Overview
- Other names: Ningbo-Cixi Intercity railway; Ningci Line; Cixi Line; Cixi Intercity railway;
- Status: Under construction
- Owner: Ningbo Rail Transit
- Locale: Ningbo and Cixi, Zhejiang, China
- Termini: Kongpu; Cixi Railway Station;
- Stations: 13

Service
- Type: Rapid transit, Intercity rail
- System: Ningbo Rail Transit
- Operator: Ningbo Rail Transit
- Depot: Longshan depot

Technical
- Line length: 64 km (40 mi)
- Number of tracks: 2
- Track gauge: 1,435 mm (4 ft 8+1⁄2 in)
- Electrification: 25 kV AC 50 Hz Overhead catenary contact
- Operating speed: 160 km/h (99 mph) (Maximum design speed)

= Line 10 (Ningbo Rail Transit) =

Future metro line in Zhejiang, China

Line 10 of Ningbo Rail Transit (宁波轨道交通10号线) is an under construction suburban metro line in Ningbo and Cixi, Zhejiang, China. This line is expected to open at the end of 2026. However, will not open until the end of 2027, while the 12 remaining stations will open at the end of 2026. The line connecting Ningbo city center to Cixi takes only 45 minutes. This will be the Ningbo Rail Transit metro line to reach a maximum speed of up to 160 km/h. A set of 22 trains will be produced to meet the demands on the entire line.

Among the distance of 64 km (38.18 mi) on the line, 34.9 km run on elevated sections; 23.5 km run on underground sections (included 22.5 km of bored tunnel and 1.5 km of mountain tunnel), account for 36.7%. The U-shaped section spanning 1.1 km long. The whole line consists of 13 stations, 1 depot, 2 traction substations.

==History==
On 2 November 2022. Line 10 began construction, with total investment approximately 32 billion RMB, with an average cost of about 500 million RMB per one kilometer.

On the morning of 20 March 2026, 2 brand new rolling stock types included Line 12 (Xiangshan Line) and Line 10 jointly developed by Ningbo Rail Transit and CRRC ZELC, was officially debuted at CRRC Ningbo Industrial Base.

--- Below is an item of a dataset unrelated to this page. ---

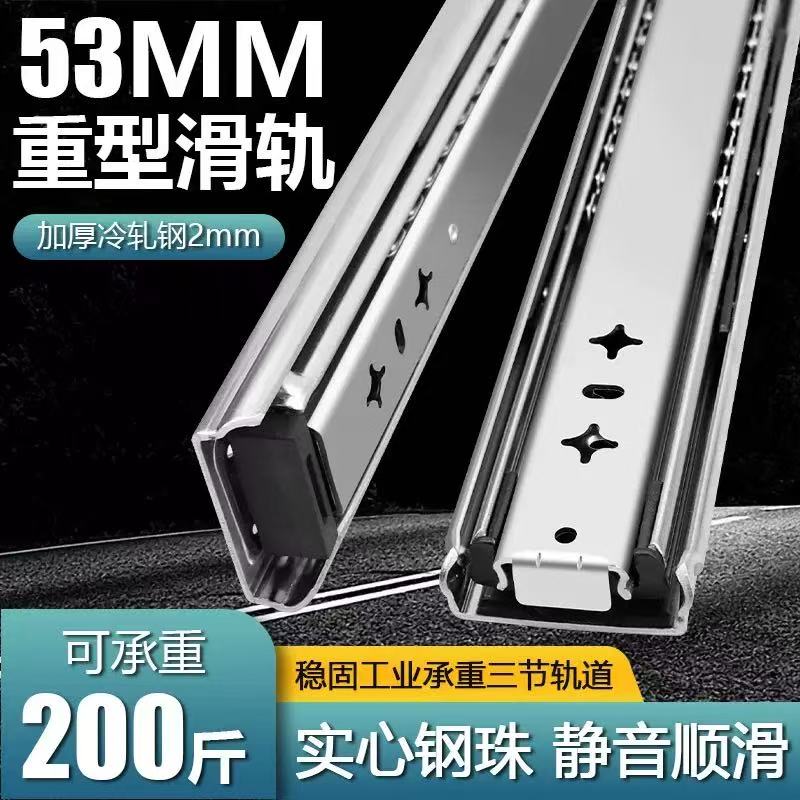 53重型三节滑轨工业滑轨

On 20 May 2026, Ningbo Rail Transit began receiving its first rolling stock set of Line 10 at Longshan Depot. The remaining 21 trains will arrive in another time.

On 22 June 2026, Line 10 was completed hot running test.

==Stations==
There are 13 stations (7 are underground and 6 are elevated) with an average station distance of 5.3 km.

| Station name |  | Transfer | Distance km |  | Location |
| English | Chinese |
| Cixi Railway Station | 慈溪火车站 |  |  |  | Cixi |
| Chaotang | 潮塘 |  |  |  |
| Xincheng Avenue | 新城大道 |  |  |  |
| Xiaolin | 逍林 |  |  |  |
| Guanfu | 观附 |  |  |  |
| Guanhaiwei | 观海卫 |  |  |  |
| Zhangqi | 掌起 |  |  |  |
| Longshan | 龙山 |  |  |  |
| Jiulong Lake | 九龙湖 |  |  |  | Zhenhai, Ningbo |
| Luoxing | 骆兴 | 7 |  |  |
| Yongmao Road | 永茂路 | 5 (Line 3 Phase 2) |  |  |
| Meiyan | 梅堰 | 5 |  |  | Jiangbei, Ningbo |
| Kongpu | 孔浦 | 2 |  |  |

==Rolling stock==
As China's first demonstration project for the standardized urban Type A train, the trains have a maximum operation speed of 160 km/h, far exceeding the 80–100 km/h speed of regular subway rolling stock. Configured with 4 cars and a total length of 95.3 meters, the trains are more than 20 meters shorter than the existing 6-car trains.